Fernando Bril, M.D., and colleagues recently investigated the relationship between insulin resistance and metabolic dysfunction-associated steatotic liver disease (MASLD). 

Bril is an assistant professor in the UAB Division of Endocrinology, Diabetes, and Metabolism and associate scientist in the UAB Comprehensive Diabetes Center (UCDC). He has over 60 publications in the field of MASLD, Type 2 diabetes and obesity.

MASLD was formerly called nonalcoholic fatty liver disease. MASLD is the most common chronic liver disease across the globe, affecting more than 30% of the population, according to the American Association for the Study of Liver Diseases.

Specifically, researchers were interested in whether carriers of a specific variant of the PNPLA3 gene develop MASLD in the absence of insulin resistance. 

After assessing 204 participants, Bril and researchers found that insulin resistance was a fundamental feature of MASLD whether the individual had a PNPLA3 gene variant, or not.

The PNPLA3 variant has been identified as the major common genetic determinant of MASLD, according to the National Institutes of Health (NIH).

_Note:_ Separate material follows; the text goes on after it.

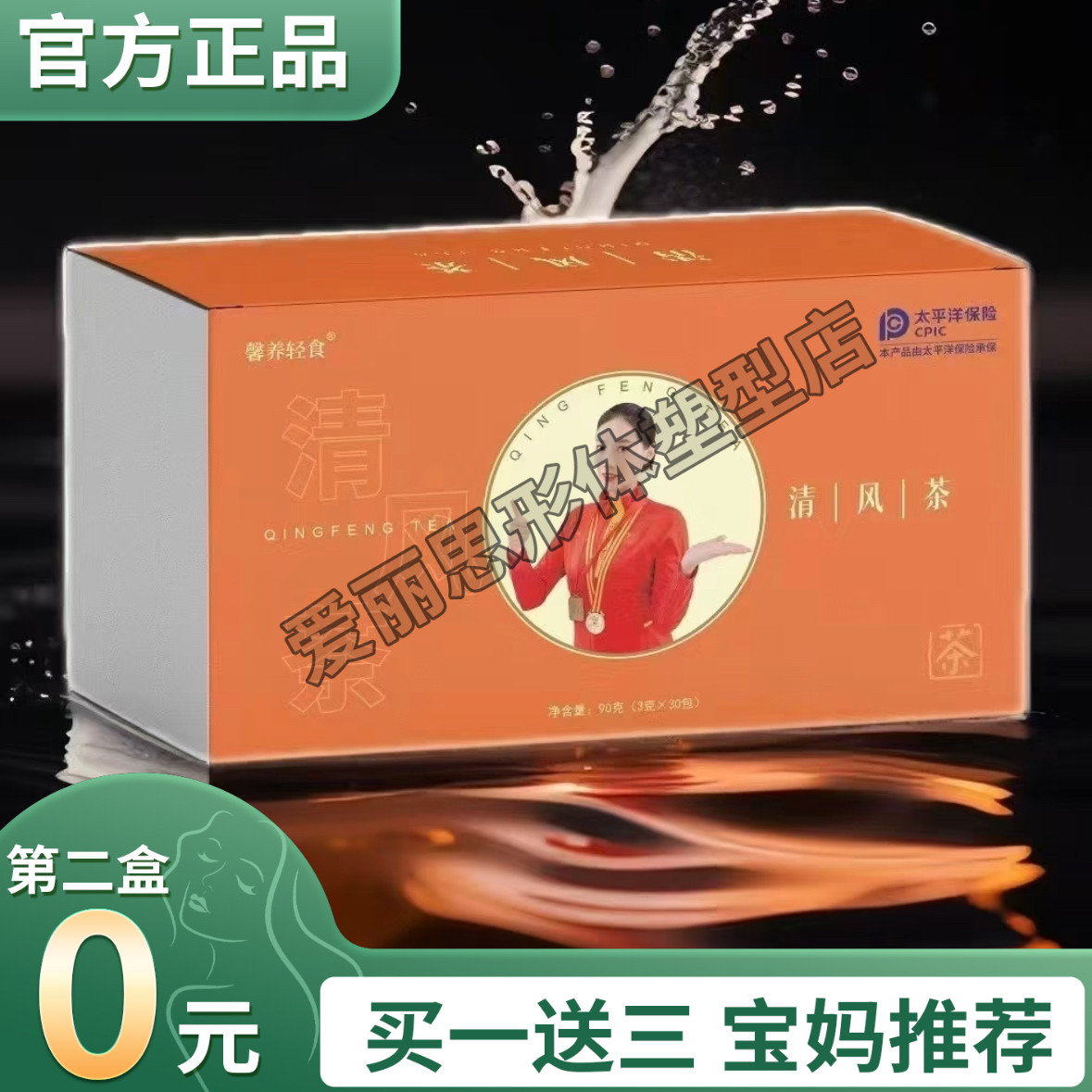馨养轻食清风茶微商小红书同款代用茶加强版官方正品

Bril and colleagues’ research resulted in the research article “Insulin resistance is an integral feature of MASLD even in the presence of PNPLA3 variants,” which was published in the peer-reviewed, scientific journal JHEP Reports

Authors state that the purpose of the study was to carefully assess the relationship between insulin resistance and MASLD in correlation to the variant PNPLA3 allele. 

Research methods consisted of PNPLA3 genotyping; an oral glucose tolerance test; and liver proton magnetic resonance spectroscopy and percutaneous liver biopsy, if diagnosed with MASLD.

Contrary to the thought that the PNPLA3 allele variant is associated with MASLD in the absence of insulin resistance the scientists note that based on their findings: “This calls for reframing patients with "PNPLA3 MASLD" not as insulin sensitive, but on the contrary, as an insulin-resistant population with increased hepatic susceptibility to metabolic insults, such as obesity or diabetes.”